Ribeiro e os pastores Gilmar Santos e Arilton Moura são investigados por suposto esquema de liberação de verbas do FNDE (Fundo Nacional do Desenvolvimento da Educação) para prefeituras em troca de propina. Os dois líderes religiosos atuariam como lobistas instalados dentro do MEC e eram próximos do ex-ministro da Educação.
Antes isolado à pasta, o caso chegou ao Planalto após Milton Ribeiro afirmar, em conversa interceptada pela PF (Polícia Federal), que Bolsonaro disse achar que o ex-ministro seria alvo de buscas. O diálogo ocorreu no dia 9 de junho e, duas semanas depois, Ribeiro foi preso pela PF. Ele foi solto no dia seguinte.
A menção a Bolsonaro levou o caso a ser enviado ao STF (Supremo Tribunal Federal), que ainda aguarda o recebimento dos autos.
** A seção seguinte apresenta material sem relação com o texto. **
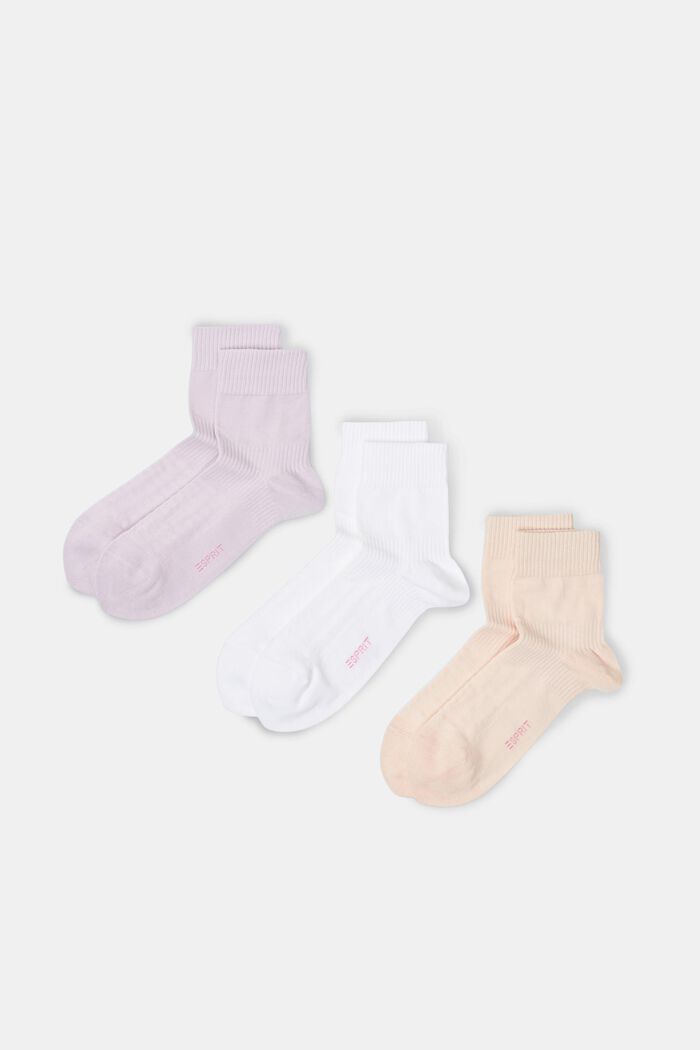 Pack de 3 calcetines de algodón ecológico acanalado, BEIGE/LILAC, detail image number 0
No Congresso, a oposição protocolou um pedido para instaurar uma CPI (Comissão Parlamentar de Inquérito) para apurar suposta interferência de Bolsonaro na investigação.
Veja, abaixo, as principais perguntas e respostas sobre o caso:
Bolsonaro interferiu na investigação sobre Milton Ribeiro?
Ainda não é possível afirmar que houve uma atuação direta do presidente na divulgação de informações do inquérito que mira o ex-ministro Milton Ribeiro no escândalo do MEC. O caso ainda está na fase de análise se é possível ou não uma apuração sobre os indícios levantados pela investigação.
Na semana passada, o advogado de Bolsonaro, Frederick Wassef, negou que o presidente tenha interferido na apuração.
Quem apontou possível interferência de Bolsonaro?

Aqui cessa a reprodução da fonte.